A: The cardinalities of $\Bbb R$ and $\Bbb R\setminus\{1\}$ are actually the same, even though it may seem that they shouldn't be. It's clear that $\Bbb R$ is "at least as big" as $\Bbb R\setminus\{1\}$, since the former contains the latter. On the other hand, the map $\Bbb R\to\Bbb R\setminus\{1\}$ given by $x\mapsto1+e^x$ is a one-to-one function, so $\Bbb R\setminus\{1\}$ is "at least as big" as $\Bbb R$. Thus, by this theorem, the two sets are "the same size".
The kicker here is that a continuous real-valued function on $\Bbb R$ can only have one of the following types of sets as its range:

(a) A singleton $\{y\}$--this happens for constant functions.
(b) An interval (half-open, open, or closed).
(c) A ray (open or closed).
(d) The whole real line.

$\Bbb R\setminus\{1\}$ isn't any of these types of sets, so no continuous bijection $\Bbb R\to\Bbb R\setminus\{1\}$ exists.

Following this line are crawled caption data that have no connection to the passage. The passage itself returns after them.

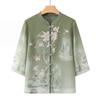 Yuzhaolin New Chinese Style Magnolia Print Summer Shirt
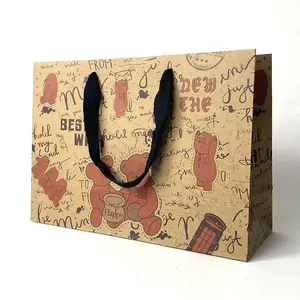 Cartoon Kraft Paper Tote Bags Gift Packaging Clothing Stores Shopping Bags Children's Gift Paper Bags Wholesale In Stock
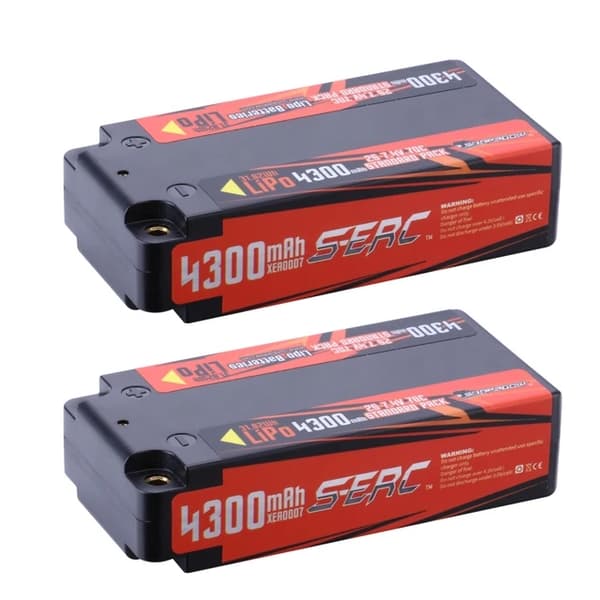 Lipo-akku, 4300mAh kapasiteetti, 70C purkuvirta, 74V, 4300-2S-70C-4mm-2kpl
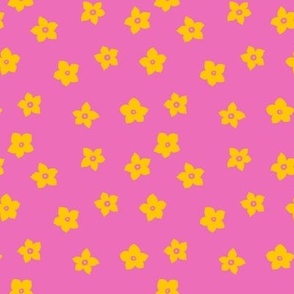 Pop Flowers, Yellow on Pink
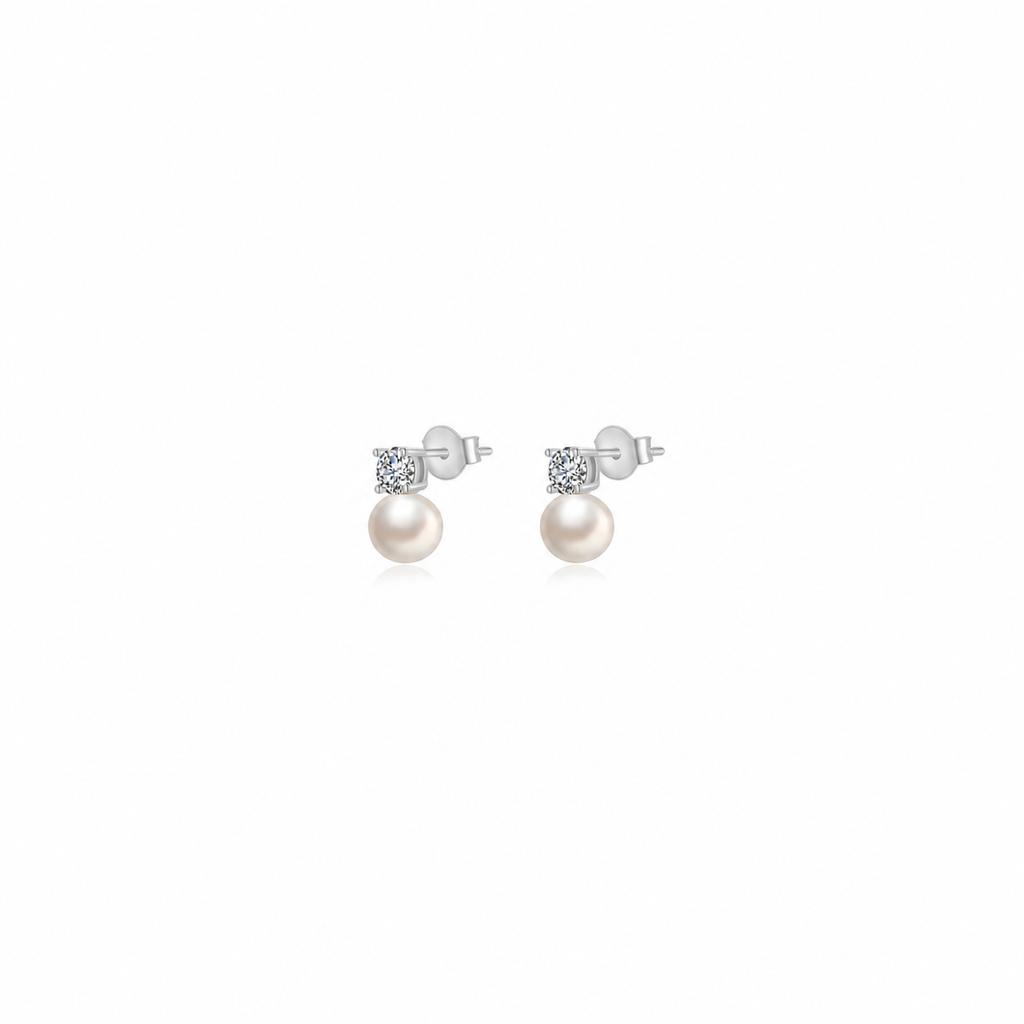 Pendientes Minerales Perla Cultivada - Circonita Blanca - 10 mm - Bañado oro y Plata Rodiada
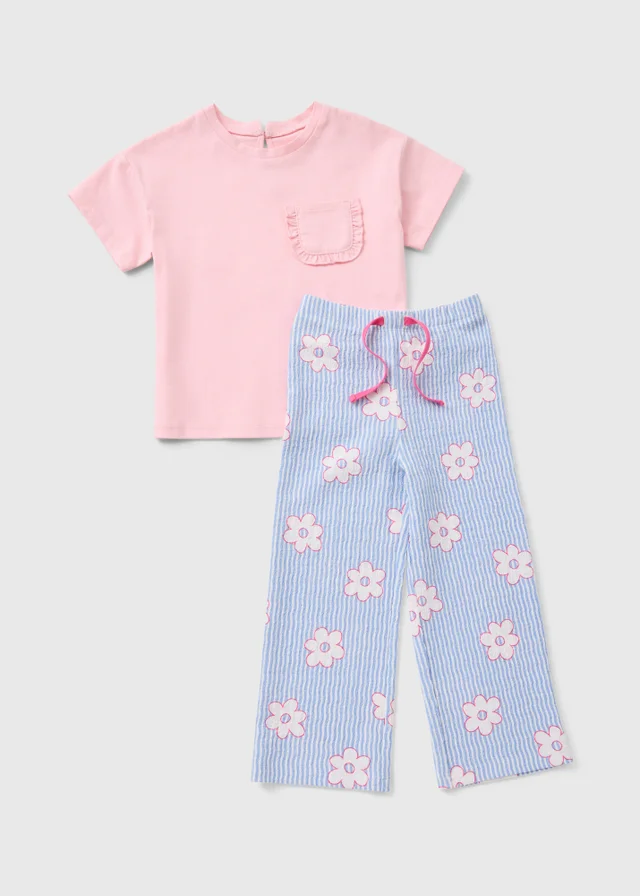 Girls Pink Floral Crinkle Top & Trouser Set (1-7yrs)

Alternately, we could use the Intermediate Value Theorem, which can also be used to prove the "kicker" mentioned above.
Let $f$ be any continuous function $\Bbb R\to\Bbb R\setminus\{1\}$. If $f$ takes on at least one value greater than $1$ and at least one value less than $1$, then there exist distinct $a,b$ such that $f(a)<1<f(b)$. But since $f$ is continuous on the interval $[a,b]$ or $[b,a]$ (whichever one makes sense), then by IVT, there would then be some $c$ strictly between $a$ and $b$ such that $f(c)=1$, which is impossible, since $f:\Bbb R\to\Bbb R\setminus\{1\}$. Thus, for any continuous function $f:\Bbb R\to\Bbb R\setminus\{1\}$ either $f(x)>1$ for all $x$ or $f(x)<1$ for all $x$, so $f$ is not a bijection $\Bbb R\to\Bbb R\setminus\{1\}$. Thus, no continuous bijection $\Bbb R\to\Bbb R\setminus\{1\}$ exists.
A: No. Because $\mathbb R$ is connected but $\mathbb R-\{1\}$ is not connected.